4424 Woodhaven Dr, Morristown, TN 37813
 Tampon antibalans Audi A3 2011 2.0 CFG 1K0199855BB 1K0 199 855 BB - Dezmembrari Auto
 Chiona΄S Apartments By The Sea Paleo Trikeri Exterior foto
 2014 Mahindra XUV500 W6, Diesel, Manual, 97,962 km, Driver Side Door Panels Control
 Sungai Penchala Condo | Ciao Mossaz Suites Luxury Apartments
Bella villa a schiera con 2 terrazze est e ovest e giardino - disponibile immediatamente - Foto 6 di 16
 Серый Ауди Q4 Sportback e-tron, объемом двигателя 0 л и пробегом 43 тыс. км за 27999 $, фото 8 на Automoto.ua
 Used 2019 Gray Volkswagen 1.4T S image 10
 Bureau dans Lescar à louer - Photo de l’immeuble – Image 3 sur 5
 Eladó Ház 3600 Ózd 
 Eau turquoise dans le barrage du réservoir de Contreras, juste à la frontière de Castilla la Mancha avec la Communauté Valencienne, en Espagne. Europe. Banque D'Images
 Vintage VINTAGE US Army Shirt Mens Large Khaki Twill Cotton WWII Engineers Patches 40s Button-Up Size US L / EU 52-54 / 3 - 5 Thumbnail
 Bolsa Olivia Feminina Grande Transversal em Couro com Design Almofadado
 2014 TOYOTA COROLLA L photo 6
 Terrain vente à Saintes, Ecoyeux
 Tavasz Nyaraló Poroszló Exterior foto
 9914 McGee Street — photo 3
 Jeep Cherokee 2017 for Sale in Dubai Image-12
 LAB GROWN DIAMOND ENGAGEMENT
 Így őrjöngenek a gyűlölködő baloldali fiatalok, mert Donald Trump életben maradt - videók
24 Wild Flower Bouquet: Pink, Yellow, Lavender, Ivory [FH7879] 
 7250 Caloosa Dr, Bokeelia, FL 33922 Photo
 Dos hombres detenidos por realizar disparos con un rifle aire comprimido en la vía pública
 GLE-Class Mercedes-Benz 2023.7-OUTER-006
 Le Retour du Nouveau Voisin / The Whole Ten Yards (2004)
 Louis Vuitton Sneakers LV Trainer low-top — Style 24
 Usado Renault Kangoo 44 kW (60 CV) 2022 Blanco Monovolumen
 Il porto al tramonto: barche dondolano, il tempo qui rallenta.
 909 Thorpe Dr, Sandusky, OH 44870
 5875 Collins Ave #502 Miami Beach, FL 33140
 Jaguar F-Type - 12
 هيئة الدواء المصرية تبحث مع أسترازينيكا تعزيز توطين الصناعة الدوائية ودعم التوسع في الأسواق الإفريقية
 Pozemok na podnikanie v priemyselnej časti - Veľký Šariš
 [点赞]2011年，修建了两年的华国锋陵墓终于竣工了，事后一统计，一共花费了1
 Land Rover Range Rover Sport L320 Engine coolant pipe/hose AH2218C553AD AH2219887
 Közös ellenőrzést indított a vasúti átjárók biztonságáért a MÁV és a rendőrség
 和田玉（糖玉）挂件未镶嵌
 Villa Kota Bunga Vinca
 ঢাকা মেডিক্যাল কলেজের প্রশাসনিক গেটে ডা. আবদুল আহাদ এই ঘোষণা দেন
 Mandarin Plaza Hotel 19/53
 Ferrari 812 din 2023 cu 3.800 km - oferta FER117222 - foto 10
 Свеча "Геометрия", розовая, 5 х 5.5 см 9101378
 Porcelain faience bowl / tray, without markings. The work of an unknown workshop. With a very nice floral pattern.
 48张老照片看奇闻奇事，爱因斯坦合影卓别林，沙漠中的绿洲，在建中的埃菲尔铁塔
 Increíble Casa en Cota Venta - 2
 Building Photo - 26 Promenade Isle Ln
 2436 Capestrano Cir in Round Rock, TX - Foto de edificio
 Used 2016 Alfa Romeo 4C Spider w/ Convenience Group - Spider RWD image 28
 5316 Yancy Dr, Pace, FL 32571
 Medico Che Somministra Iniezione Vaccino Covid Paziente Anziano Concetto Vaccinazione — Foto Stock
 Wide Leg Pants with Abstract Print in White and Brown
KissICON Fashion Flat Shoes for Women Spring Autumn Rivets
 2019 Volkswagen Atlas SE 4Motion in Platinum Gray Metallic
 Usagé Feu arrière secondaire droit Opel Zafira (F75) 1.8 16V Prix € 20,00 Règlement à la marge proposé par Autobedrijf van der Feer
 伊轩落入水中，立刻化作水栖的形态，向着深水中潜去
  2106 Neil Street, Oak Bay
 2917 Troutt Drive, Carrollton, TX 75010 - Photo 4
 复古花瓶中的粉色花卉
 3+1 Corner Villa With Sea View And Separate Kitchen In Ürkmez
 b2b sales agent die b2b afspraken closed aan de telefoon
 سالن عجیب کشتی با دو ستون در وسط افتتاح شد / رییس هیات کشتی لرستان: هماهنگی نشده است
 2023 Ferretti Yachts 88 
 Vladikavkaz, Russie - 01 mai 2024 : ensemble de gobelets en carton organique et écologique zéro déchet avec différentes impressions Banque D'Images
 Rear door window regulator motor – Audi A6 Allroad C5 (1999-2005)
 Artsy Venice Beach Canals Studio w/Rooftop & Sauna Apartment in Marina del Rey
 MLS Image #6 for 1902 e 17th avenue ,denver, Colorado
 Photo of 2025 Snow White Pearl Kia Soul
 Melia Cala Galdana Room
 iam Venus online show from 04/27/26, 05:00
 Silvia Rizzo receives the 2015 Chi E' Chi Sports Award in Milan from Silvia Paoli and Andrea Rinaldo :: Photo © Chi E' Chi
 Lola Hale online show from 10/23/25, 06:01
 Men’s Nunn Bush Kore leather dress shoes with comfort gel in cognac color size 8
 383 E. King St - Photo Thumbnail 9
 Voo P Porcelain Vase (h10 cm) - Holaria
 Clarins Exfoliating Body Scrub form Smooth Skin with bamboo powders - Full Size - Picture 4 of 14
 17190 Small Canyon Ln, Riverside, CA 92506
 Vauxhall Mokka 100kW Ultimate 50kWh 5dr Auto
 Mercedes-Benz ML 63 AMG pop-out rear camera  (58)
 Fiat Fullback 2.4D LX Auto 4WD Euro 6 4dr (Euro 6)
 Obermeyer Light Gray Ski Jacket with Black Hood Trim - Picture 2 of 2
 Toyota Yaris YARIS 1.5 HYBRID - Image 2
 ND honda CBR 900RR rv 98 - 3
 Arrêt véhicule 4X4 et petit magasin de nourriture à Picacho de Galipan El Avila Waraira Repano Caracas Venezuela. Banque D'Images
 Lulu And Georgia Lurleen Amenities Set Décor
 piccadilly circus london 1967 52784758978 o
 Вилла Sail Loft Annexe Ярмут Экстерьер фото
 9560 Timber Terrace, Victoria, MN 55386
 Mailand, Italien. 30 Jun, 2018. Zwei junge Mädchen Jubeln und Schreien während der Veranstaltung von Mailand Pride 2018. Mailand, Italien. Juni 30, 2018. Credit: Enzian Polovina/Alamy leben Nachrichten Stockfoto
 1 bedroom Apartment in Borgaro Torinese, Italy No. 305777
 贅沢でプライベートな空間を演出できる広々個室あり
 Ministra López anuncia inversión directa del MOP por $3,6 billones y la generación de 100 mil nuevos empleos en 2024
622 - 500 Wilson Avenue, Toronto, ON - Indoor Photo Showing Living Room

════════════════

Aim of the task: Word for word, output the lines of the data from its first line through the line where "Серый Ауди Q4" appears, and stop there.

Solution:
4424 Woodhaven Dr, Morristown, TN 37813
 Tampon antibalans Audi A3 2011 2.0 CFG 1K0199855BB 1K0 199 855 BB - Dezmembrari Auto
 Chiona΄S Apartments By The Sea Paleo Trikeri Exterior foto
 2014 Mahindra XUV500 W6, Diesel, Manual, 97,962 km, Driver Side Door Panels Control
 Sungai Penchala Condo | Ciao Mossaz Suites Luxury Apartments
Bella villa a schiera con 2 terrazze est e ovest e giardino - disponibile immediatamente - Foto 6 di 16
 Серый Ауди Q4 Sportback e-tron, объемом двигателя 0 л и пробегом 43 тыс. км за 27999 $, фото 8 на Automoto.ua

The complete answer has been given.